I don't see as many dramas as I used to. There was a stage in my movie viewing life, when I was pretty deep in the perceived snob era, where I saw little else worth viewing but for dramas and foreign flicks. Oh, I was still a closeted genre watcher but there was so very very little that I could say was good. Now I rather find myself white washing everything with the not-so-good brush or more accurately, not that impressive to me, whether drama or comedy or action or foreign or thriller.
But there are movies that I know I want to see. I wanted to see The Descendants (2011, Alexander Payne) in the theatre but it escaped me. It sat on my HDD for ages before I spontaneously put it on one evening. That may not sound like much but you don't see what it takes for me to put on anything other than toss-away genre and action flicks these days. When I could be watching movies I actually want to see, I always end up re-watching Netflix Nick Cage movies (Next) or one of my disaster movies (2012).

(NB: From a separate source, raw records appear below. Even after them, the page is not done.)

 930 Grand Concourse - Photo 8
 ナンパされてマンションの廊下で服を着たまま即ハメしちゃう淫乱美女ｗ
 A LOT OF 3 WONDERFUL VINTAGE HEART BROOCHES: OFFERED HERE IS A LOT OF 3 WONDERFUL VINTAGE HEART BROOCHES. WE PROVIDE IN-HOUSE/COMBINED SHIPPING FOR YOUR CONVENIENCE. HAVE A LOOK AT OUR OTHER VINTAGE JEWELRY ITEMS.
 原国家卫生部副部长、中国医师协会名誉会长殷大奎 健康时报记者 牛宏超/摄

I like when Clooney does a flick where he is not the Sexiest Man of the Year. Here he is the dad of two, wearing his grey hair and his flip flops and not a really decent outfit in his closet. This is not dapper Las Vegas Clooney or even clean and even hitman Clooney. This is why I like the man; that he is not afraid to play a very deflated version of himself.

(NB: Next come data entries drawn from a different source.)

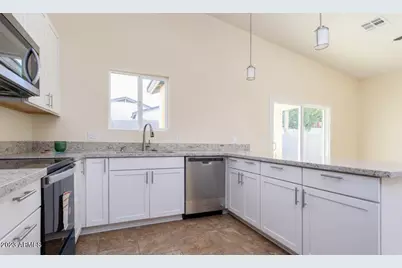 411 N Central Avenue, Avondale, AZ 85323 - Photo 3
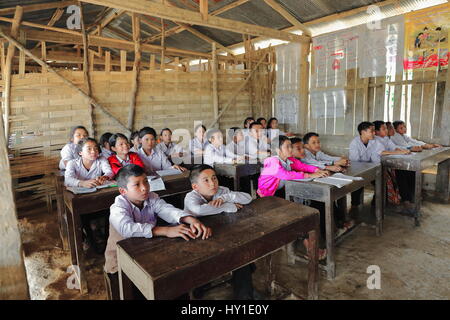 Ban Houay Phod, Laos-Oktober 8, 2015: Die Akha Ya-Er Bergstämme sind eine ethnische Minderheit, die im Bereich zwischen E.Myanmar-N.Thailand-W.Laos-S.China Leben. Stockfoto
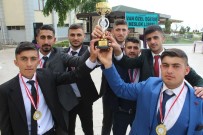 MESLEK LİSESİ - Vanlı İşitme Engelliler Türkiye Şampiyonu Oldu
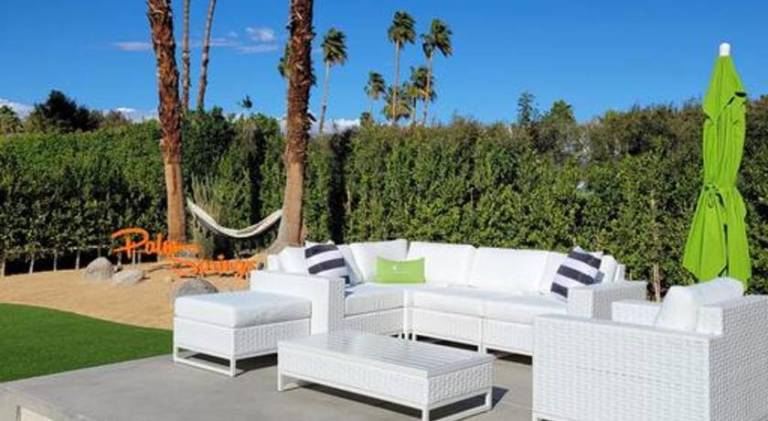 House with barbecue, private pool & jacuzzi | Perfect for remote work — photo 4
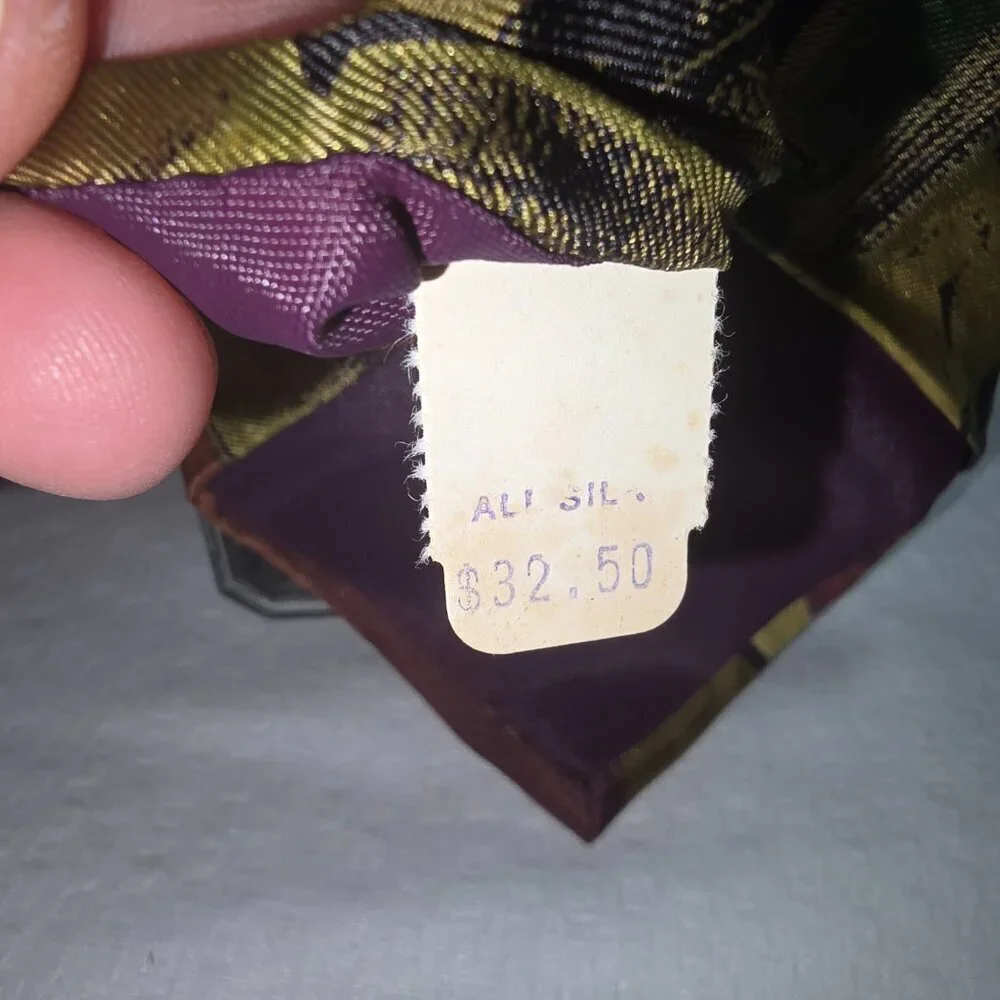 VINTAGE HARVE BENARD PURE SILK TIE ABSTRACT DESIGN GREENS GOLDS CRIMSON NWT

It is a light movie but not a light subject. His wife has been injured and lies in a coma when he finds out she has been in an affair with a local real estate celebrity. Well, if having your face on a bus poster makes you a celebrity. Clooney's Matt King is a bit of a celebrity himself, if you consider descended from Hawaiian royalty as celebrity status. He and his family own a massive amount of untouched land and live off trust money, though none as carefully as Matt. Most just want Matt to finish a big land deal and give them their share of the money.
So, Matt is left dealing with his wife's impending death, his children's reactions to it all and his squabbling family afairs. Life is not easy even when you are living in paradise. The movie sweet and touching and generally enjoyable and I got to experience something I enjoy about movies set in paradises -- what it looks like in an average life, instead of all beaches and resort life. Clooney is allowed a sobre role where he is a father and simple man experiencing hard circumstances with dignity despite slapping flip flops.
Michael Caine has been a guy getting older for quite some time of my movie watching life. I never really got to experience him as the young, vibrant guy of the 60s and 70s. But Harry Brown (2009, Daniel Barber) is one where he is not a guy getting older, but an old guy. An ex-military man living in the project towers of London, a widower and living a quiet life of not much more than his old friends (those who are left) and a local pub. This is the part of getting old that is never glamorous; when everyone else has moved on and you are just biding your time.
Bided time is interrupted by the violent death of his one last pub mate at the hands of hoodie wearing thugs who terrorize the whole project unchecked. Harry tries to absorb it, let it pass but enough is enough and he resurrects his past skills, to play vigilante. That is when we see it is not age that slows people down but how society treats you. If you are thought of as useless then you end up playing useless. Scary that what makes Harry useful are the local actually, truly wastes of life that plague his community. We are not expected to have sympathy for those he kills but we are left a bit unnerved by how good he is at it. Makes you wonder what Taken 5 will be like when Liam Neeson carries his particular set of skills to the pensioner home.
And then we actually went to see a sweet movie about real people getting old. The Best Exotic Marigold Hotel (2011, John Madden) is a British comedy about a number of aging brits who end up together in a hotel in India. No, not a nice resort where the experience the beauty and exotic nature that India has to offer to people brought up on A Passage to India but a small run down hotel re-opened by the owner as a ... well, a pensioner home. For one reason or another each of our seniors are forced into this cost effective choice that leaves much to be desired.
Each and every one of the "seniors" being played in this movie are not people I ever perceived as old. Oh I know they are all aging actors but I never saw them play roles where their age impacts the character. Maggie Smith was in Harry Potter and Dame Judy Dench has been M for a while. Bil Nighy was an aging rockstar in Love Actually and Penelope Wilton was Harriet Jones in Doctor Who. And Tom Wilkinson seems to be always playing mature politicians or bureaucratic roles. But none of these people are what I would call old and feeble.
Dev Patel brings them together in something they never really expected. His never ending enthusiasm bolstered by deception and sometimes downright delusion keeps everybody on course, but for a few disheartened, to realize a next stage in their lives. Some find love, some find purpose and others find closure. Each plays a character who considers themselves as aged but they all end up living more of a life than I probably am at 45. Perception is the rule.